'''

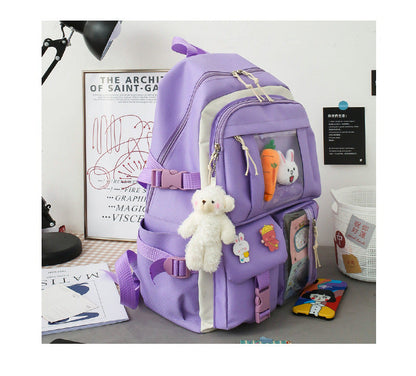 eybag New 4 Pcs Sets Purple Colour Children's School Backpack Kawaii Women's Backpack Bookbag School Bags for Teens Girls Mochila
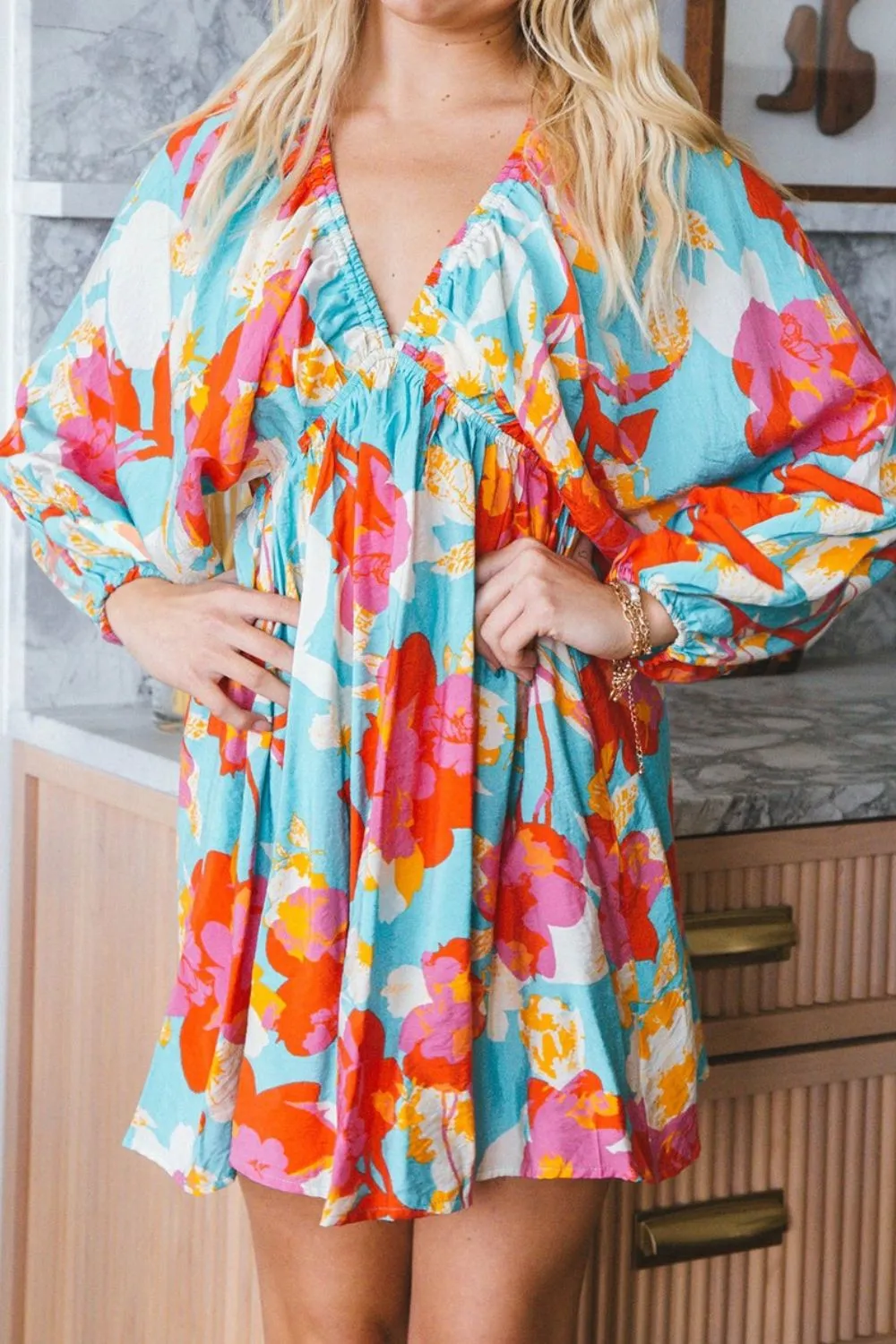 Floral Bracelet Sleeve Empire Waist Mini Dress
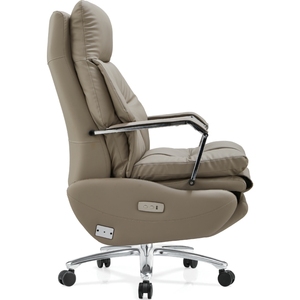 Silla eléctrica de oficina de cuero genuino de gran tamaño, silla de oficina ergonómica giratoria eléctrica reclinable, venta al por mayor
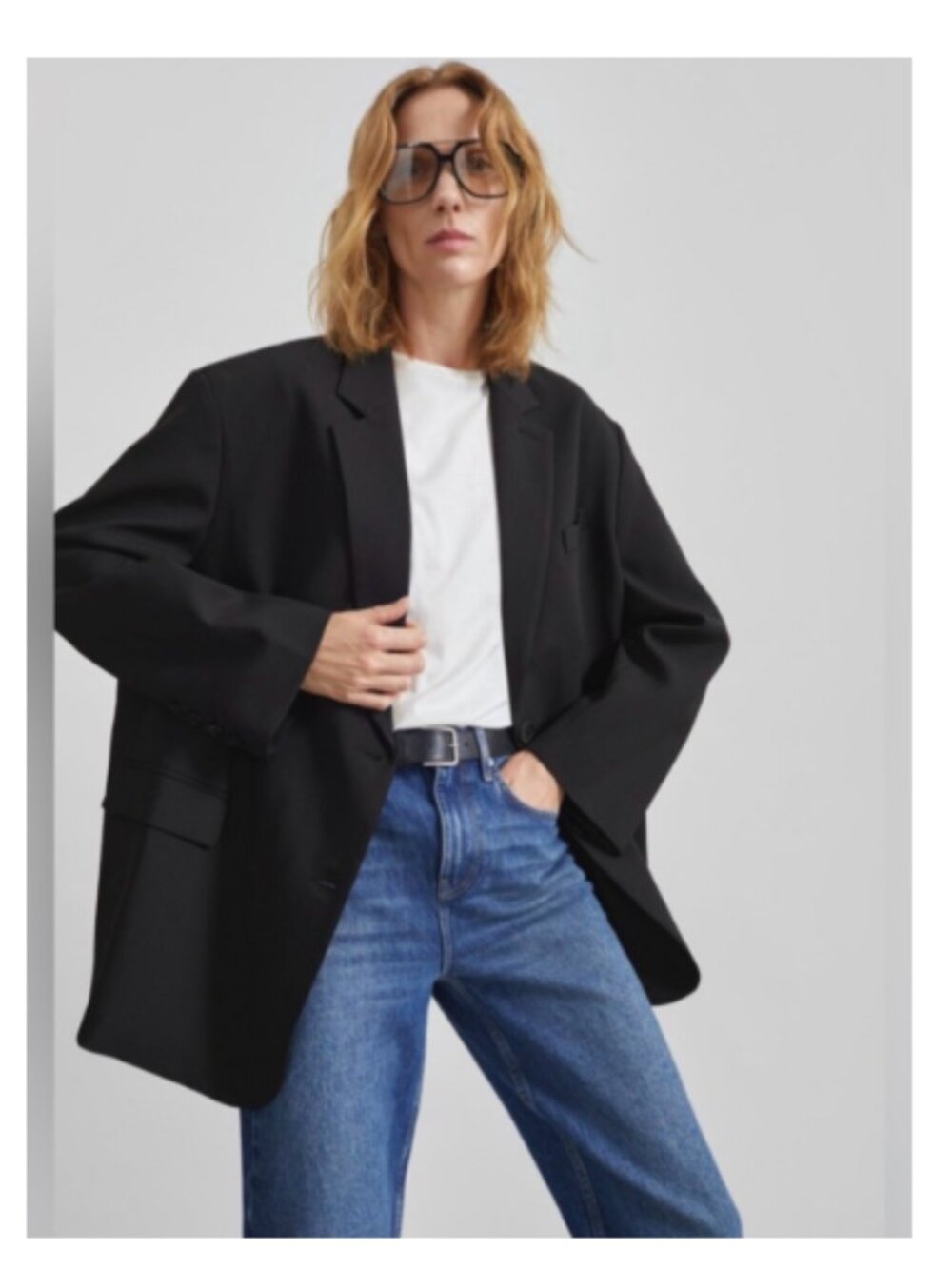 The Frankie Shop Oversized Bea Black Blazer Jacket Sz L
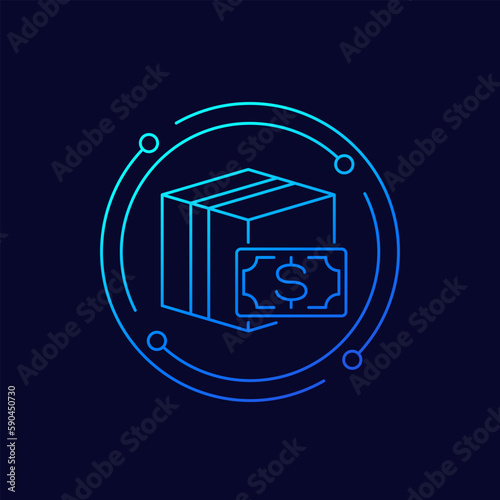 Cash on delivery icon, linear design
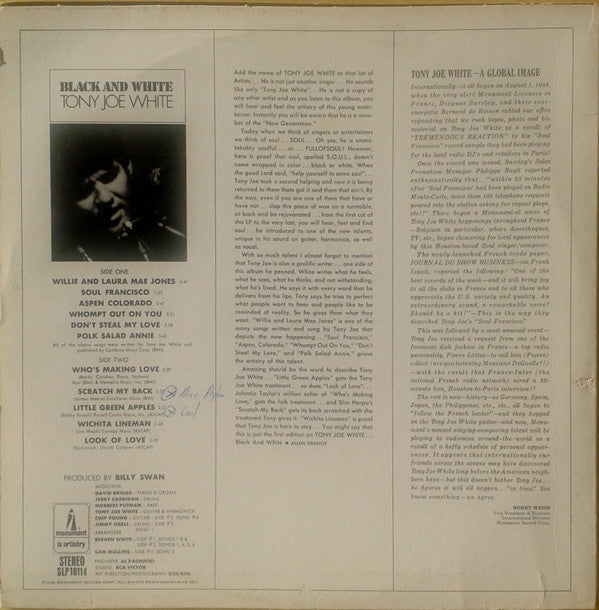 Tony Joe White - Black And White - LP
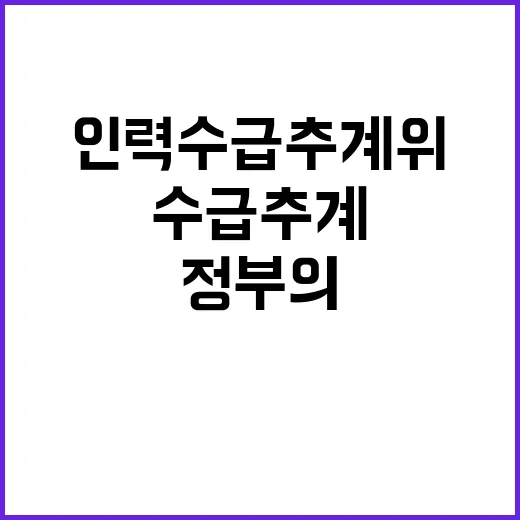 인력수급추계위 정부…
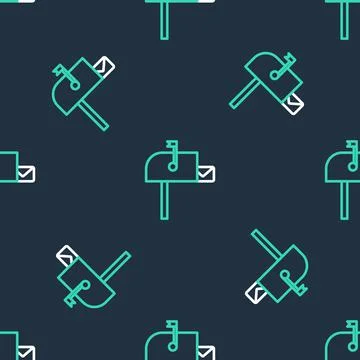 Line Open mail box icon isolated seamless pattern on black background. Mailbox Stock Illustration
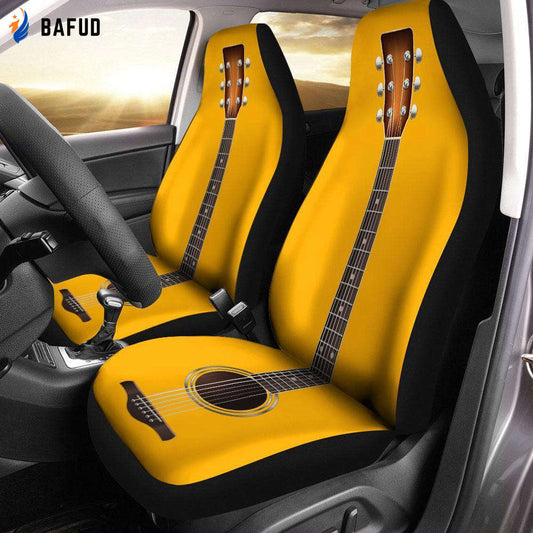 Yellow Guitar Car Seat Covers For Fan Gifts - Bafud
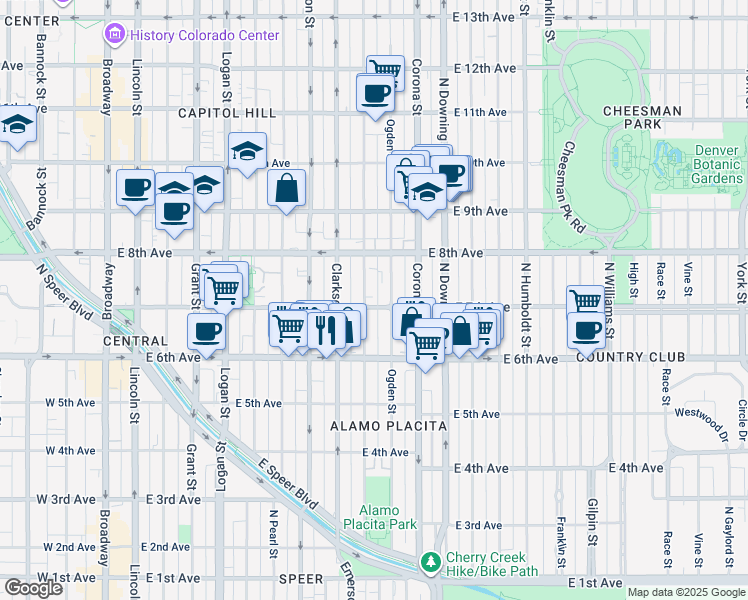 map of restaurants, bars, coffee shops, grocery stores, and more near 915 East 7th Avenue in Denver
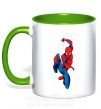 Чашка з кольоровою ручкою Человек паук с паутиной Зелений фото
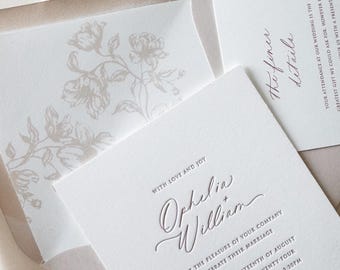 Letterpress Wedding Invitation Set: Elegant Daphne Suite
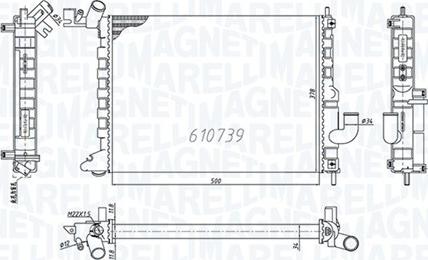 Magneti Marelli 350213200200 - Радиатор, охлаждане на двигателя vvparts.bg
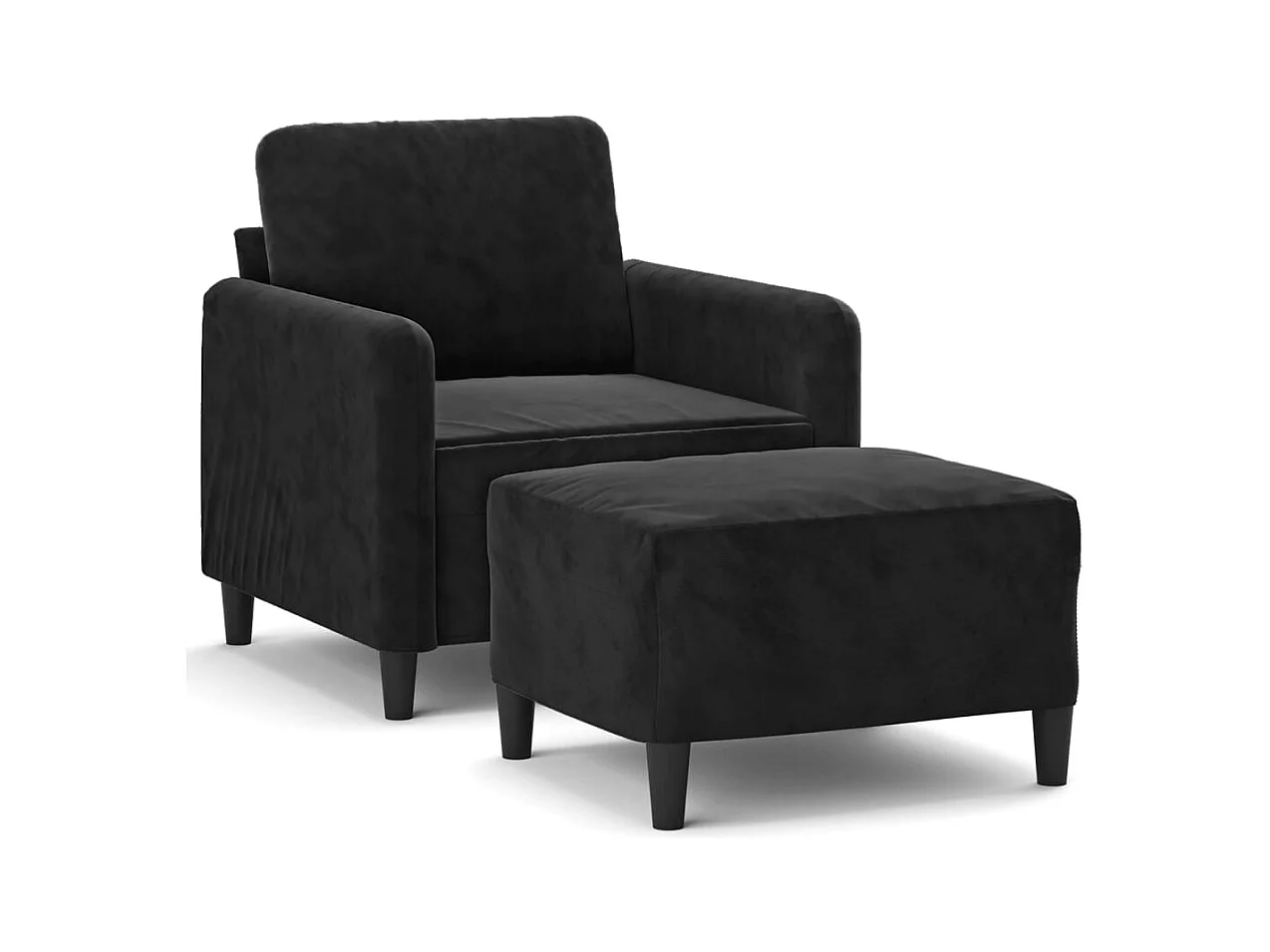 Sillón con reposapiés Terciopelo Negro 60 cm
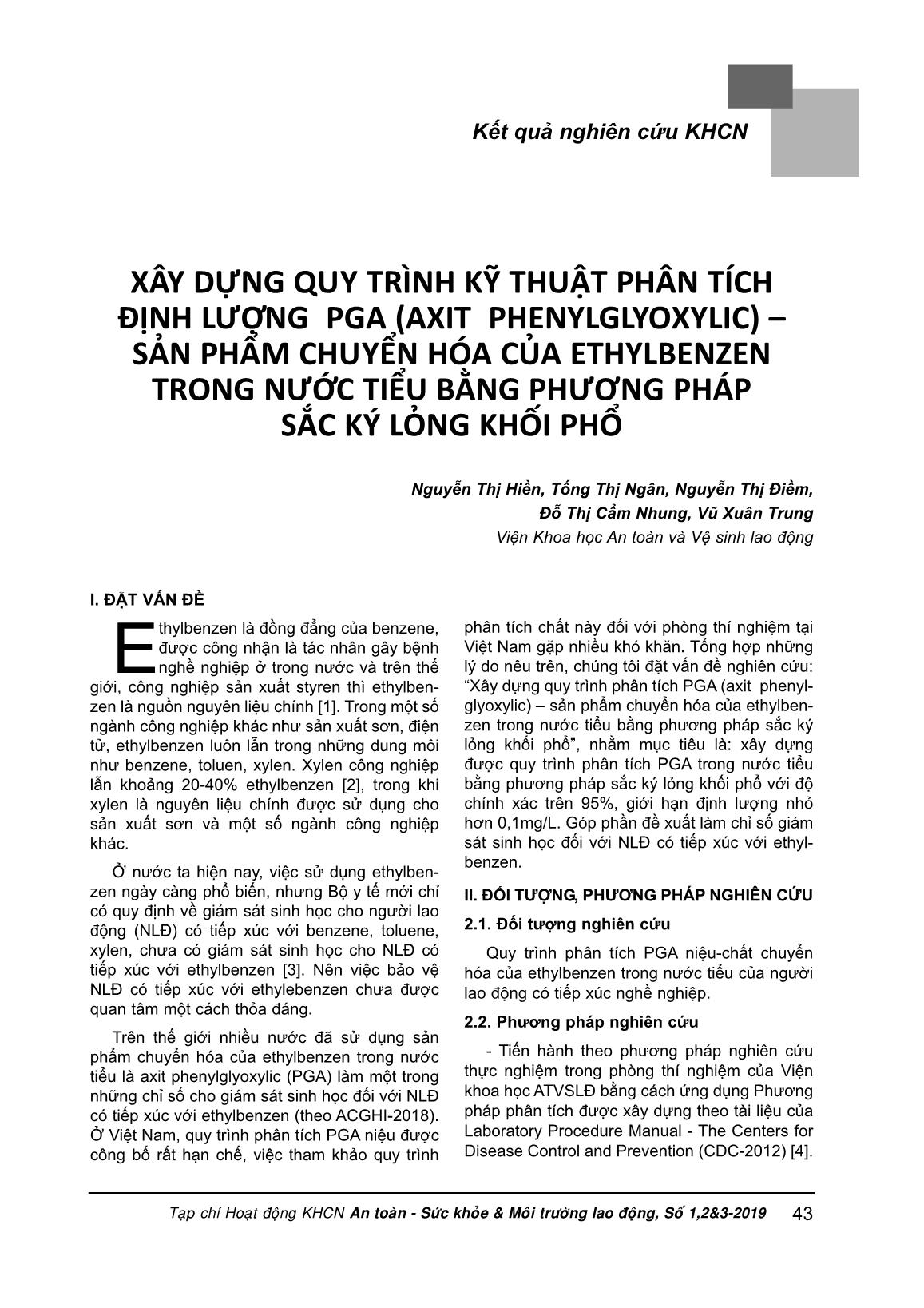 Xây dựng quy trình kỹ thuật phân tích định lượng PGA (Axit Phenylglyoxylic) – sản phẩm chuyển hóa của Ethylbenzen trong nước tiểu bằng phương pháp sắc ký lỏng khối phổ trang 1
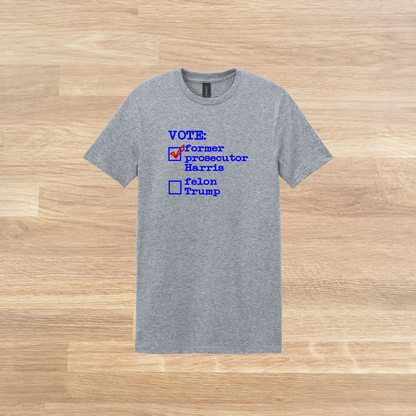 Former Prosecutor vs Felon, Kamala Harris for President 2024 T-shirt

'''

Please output, exactly as written, the lines above from the one holding "Floral Bracelet Sleeve" through the one holding "인력수급추계위 정부…", both included, with the pictures omitted.

 Floral Bracelet Sleeve Empire Waist Mini Dress
 Silla eléctrica de oficina de cuero genuino de gran tamaño, silla de oficina ergonómica giratoria eléctrica reclinable, venta al por mayor
 The Frankie Shop Oversized Bea Black Blazer Jacket Sz L
 Cash on delivery icon, linear design
 Tony Joe White - Black And White - LP
 인력수급추계위 정부…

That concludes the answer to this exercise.